Segment Start: Dataset excerpts

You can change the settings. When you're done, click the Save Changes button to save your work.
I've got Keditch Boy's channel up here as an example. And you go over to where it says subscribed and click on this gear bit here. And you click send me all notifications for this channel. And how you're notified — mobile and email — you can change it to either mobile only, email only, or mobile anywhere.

Segment End: Dataset excerpts
Segment Start: Dataset excerpts

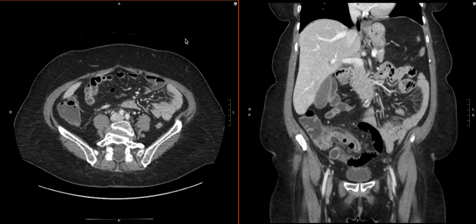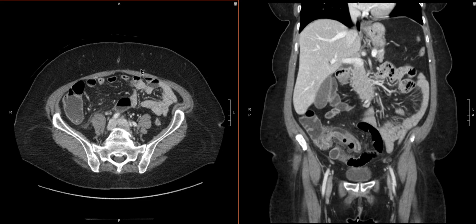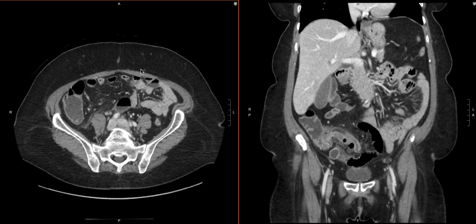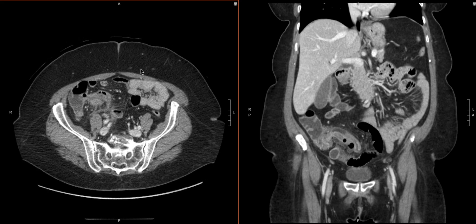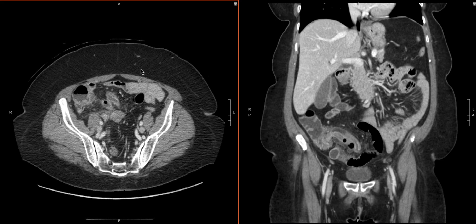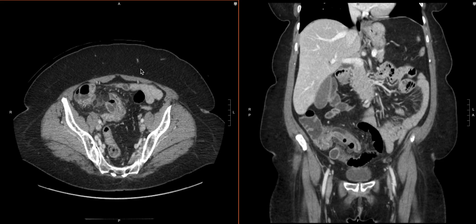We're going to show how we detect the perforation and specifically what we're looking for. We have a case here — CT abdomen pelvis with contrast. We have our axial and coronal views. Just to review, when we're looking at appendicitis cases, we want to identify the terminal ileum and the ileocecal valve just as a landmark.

Segment End: Dataset excerpts

[Work request] Across all the entries, how many lines include "click"? Answer with the number alone.

[Written response] 2